Message ID | fa801180-0229-4ea7-b8eb-eb162935d348@redhat.com (mailing list archive) |
---|---|
State | Accepted, archived |
Headers | show |
Series | xfs: allow SECURE namespace xattrs to use reserved pool | expand |
On Fri, Jul 19, 2024 at 05:48:53PM -0500, Eric Sandeen wrote: > xfs_attr_sethash(args); > > - return xfs_attr_set(args, op, args->attr_filter & XFS_ATTR_ROOT); > + rsvd = args->attr_filter & (XFS_ATTR_ROOT | XFS_ATTR_SECURE); > + return xfs_attr_set(args, op, rsvd); This looks fine, although I'd probably do without the extra local variable. More importantly though, please write a comment documenting why we are dipping into the reserved pool here.
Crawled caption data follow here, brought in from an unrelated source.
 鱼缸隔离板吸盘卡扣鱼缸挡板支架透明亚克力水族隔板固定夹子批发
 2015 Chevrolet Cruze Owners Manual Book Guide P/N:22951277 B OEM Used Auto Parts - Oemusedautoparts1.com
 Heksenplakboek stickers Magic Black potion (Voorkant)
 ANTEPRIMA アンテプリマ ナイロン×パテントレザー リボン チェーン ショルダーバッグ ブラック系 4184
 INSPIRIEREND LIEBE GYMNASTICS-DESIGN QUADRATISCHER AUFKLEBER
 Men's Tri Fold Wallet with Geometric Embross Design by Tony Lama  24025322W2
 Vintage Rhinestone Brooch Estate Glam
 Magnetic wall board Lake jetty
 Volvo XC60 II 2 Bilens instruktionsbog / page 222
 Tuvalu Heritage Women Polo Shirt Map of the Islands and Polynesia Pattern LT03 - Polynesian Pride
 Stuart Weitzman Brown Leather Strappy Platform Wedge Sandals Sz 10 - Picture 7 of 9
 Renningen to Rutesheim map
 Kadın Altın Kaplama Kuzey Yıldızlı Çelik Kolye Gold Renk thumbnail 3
We should have had that since the beginning, but this is a better time than never.
On 7/22/24 9:41 AM, Christoph Hellwig wrote: > On Fri, Jul 19, 2024 at 05:48:53PM -0500, Eric Sandeen wrote: >> xfs_attr_sethash(args); >> >> - return xfs_attr_set(args, op, args->attr_filter & XFS_ATTR_ROOT); >> + rsvd = args->attr_filter & (XFS_ATTR_ROOT | XFS_ATTR_SECURE); >> + return xfs_attr_set(args, op, rsvd); > > This looks fine, although I'd probably do without the extra local > variable. More importantly though, please write a comment documenting > why we are dipping into the reserved pool here. We should have had that > since the beginning, but this is a better time than never. > > Ok, I thought the local var was a little prettier but *shrug* can do it either way. To be honest I'm not sure why it was done for ROOT; dchinnner mentioned something about DMAPI requirements, long ago... It seems reasonable, and it's been there forever but also not obviously required, AFAICT. What would your explanation be? ;) Thanks, -Eric
On Mon, Jul 22, 2024 at 10:05:03AM -0500, Eric Sandeen wrote: > Ok, I thought the local var was a little prettier but *shrug* can do it > either way. > > To be honest I'm not sure why it was done for ROOT; dchinnner mentioned > something about DMAPI requirements, long ago... > > It seems reasonable, and it's been there forever but also not obviously > required, AFAICT. > > What would your explanation be? ;) Based on your explanation it's probably ACLs for the same reason it applies to the security attributes.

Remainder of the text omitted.